The author states that “[t]his book is as much about political systems, ideals and cultures as it is about a parochial, formal-legal appraisal of constitutional law” (p.29). His thesis is that “[c]onstitutions can serve as a model for the world only when differences are appreciated. Comparative politics is geared towards the attainment of that profound appreciation, and comparative constitutional law is an essential starting point for that process” (p.217). The book’s objective is clearly to facilitate such understanding. Central to the author’s thesis and objective is the following passage. 

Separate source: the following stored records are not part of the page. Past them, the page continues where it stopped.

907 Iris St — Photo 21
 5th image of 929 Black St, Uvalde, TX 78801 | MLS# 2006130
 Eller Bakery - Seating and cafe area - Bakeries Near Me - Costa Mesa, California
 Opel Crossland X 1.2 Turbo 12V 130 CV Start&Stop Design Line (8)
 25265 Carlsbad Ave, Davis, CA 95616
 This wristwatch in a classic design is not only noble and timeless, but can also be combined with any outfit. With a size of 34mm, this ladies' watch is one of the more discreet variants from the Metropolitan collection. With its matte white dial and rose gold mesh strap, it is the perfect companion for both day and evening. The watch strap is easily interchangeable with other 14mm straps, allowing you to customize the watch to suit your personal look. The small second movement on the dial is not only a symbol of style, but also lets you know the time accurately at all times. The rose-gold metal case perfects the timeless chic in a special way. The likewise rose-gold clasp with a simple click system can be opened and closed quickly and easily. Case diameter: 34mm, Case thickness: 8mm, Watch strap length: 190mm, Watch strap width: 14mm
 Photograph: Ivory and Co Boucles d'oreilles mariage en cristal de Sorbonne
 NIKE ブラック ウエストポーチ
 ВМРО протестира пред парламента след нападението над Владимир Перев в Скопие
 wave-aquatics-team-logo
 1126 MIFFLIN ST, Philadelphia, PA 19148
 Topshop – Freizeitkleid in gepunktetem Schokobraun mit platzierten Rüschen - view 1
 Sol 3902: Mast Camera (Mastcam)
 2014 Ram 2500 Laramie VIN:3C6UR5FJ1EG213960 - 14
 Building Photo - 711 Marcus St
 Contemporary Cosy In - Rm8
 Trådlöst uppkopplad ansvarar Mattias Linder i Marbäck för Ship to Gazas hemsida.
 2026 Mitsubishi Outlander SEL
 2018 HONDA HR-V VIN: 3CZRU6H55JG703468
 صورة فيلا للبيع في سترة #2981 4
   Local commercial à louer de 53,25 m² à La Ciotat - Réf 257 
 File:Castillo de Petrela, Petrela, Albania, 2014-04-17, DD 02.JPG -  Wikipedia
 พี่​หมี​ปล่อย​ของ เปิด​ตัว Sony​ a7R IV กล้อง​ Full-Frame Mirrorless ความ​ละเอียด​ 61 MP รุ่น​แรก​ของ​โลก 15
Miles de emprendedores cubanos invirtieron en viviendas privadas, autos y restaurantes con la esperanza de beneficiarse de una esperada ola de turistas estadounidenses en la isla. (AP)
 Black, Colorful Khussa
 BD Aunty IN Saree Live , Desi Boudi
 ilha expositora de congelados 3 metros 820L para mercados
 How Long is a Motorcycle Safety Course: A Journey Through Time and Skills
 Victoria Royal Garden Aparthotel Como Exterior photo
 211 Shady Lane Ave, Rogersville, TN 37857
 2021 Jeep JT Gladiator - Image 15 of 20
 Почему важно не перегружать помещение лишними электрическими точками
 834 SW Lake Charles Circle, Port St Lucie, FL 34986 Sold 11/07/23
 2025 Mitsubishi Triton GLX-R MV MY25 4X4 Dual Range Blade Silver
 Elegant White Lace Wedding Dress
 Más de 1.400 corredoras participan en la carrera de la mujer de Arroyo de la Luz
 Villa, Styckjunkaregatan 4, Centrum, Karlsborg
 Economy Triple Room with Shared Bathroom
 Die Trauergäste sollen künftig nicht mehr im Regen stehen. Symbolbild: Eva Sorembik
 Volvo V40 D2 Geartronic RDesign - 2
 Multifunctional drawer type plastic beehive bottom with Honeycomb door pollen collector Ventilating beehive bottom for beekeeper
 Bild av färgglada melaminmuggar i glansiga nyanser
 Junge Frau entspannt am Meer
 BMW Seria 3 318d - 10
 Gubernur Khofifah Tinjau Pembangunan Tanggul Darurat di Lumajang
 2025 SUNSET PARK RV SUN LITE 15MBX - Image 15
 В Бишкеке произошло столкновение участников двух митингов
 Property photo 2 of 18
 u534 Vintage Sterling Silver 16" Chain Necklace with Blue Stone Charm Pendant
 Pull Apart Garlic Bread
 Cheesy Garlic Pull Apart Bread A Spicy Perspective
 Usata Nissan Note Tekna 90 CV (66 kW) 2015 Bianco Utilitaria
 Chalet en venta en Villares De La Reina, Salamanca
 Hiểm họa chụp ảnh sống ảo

Unfortunately many modern observers often tend to associate all law, including constitutional law, primarily with a series of technical rules. . . . That impression is based upon a tragic misconception. A more genuine concept of constitutional law can be expanded into large, yet interrelated, variations upon broader theses and premises. In fact, an appreciation of those themes and premises makes it possible to discern constitutional traditions in ways that are predictable, consistent, and tied to larger ideas, values, and aspects of the human experience. A constitution is an extrapolation of political, philosophical, sociological, economic, and other ideas and, furthermore, a manifestation of a higher purpose. It is the product of a general evolution of law; unless that evolution is understood and examined, critically, any constitutional evaluation is doomed to superficiality and illusion (p.4; emphasis in the original). 

Appropriately, the author begins with an introduction to some fundamental concepts and components of constitutions, especially the importance and definition of sovereignty and the role of law as both a device for safety and protection and a source of individual empowerment (pp.2-3). True to the author’s contextual approach to constitutionalism, the introductory chapter goes on to briefly set out cultural [*317] and philosophical underpinnings of Western and Eastern legal traditions, ideologies central to constitutionalism such as liberalism and Marxism, the historical evolution of the common and the civil law systems, the influence of religion, tribal law, unitary versus federal systems, public versus private law, and the contemporary prominence of rights and liberties. The discussion in this chapter provides the foundation to the author’s subsequent examination of eleven constitutional systems. 

The analysis of particular constitutional traditions appears in the following order: United States, Britain, China, Canada, India, Japan, Nigeria, France, Germany, Mexico, and Saudi Arabia. This sequence is not entirely cogent considering that the author follows the traditional comparative classification of legal systems into legal families, especially the civil-common law dichotomy. Consistent with that perspective, the logical structure would have been Britain, United States, Canada, India, Nigeria, followed by France, Germany, Mexico, Japan, China, Saudi Arabia. The first position of the United States is most likely a reflection of the author’s American background and primary intended audience. Consistent with this prominence, comparative comments made in the specific chapters mostly identify a similarity or difference to the United States, even if comparisons to other systems might have been more appropriate in substance. One example of this is the perceived American influence “derived from the role of that country’s Supreme Court” (p.169) on the establishment of the German federal Constitutional Court, even though the American Supreme Court is a general final appeals court similar to most other countries’ highest courts of appeal; whereas the German federal Constitutional Court solely exists to determine constitutional disputes and issues and is thus more readily comparable to the French Constitutional Council. 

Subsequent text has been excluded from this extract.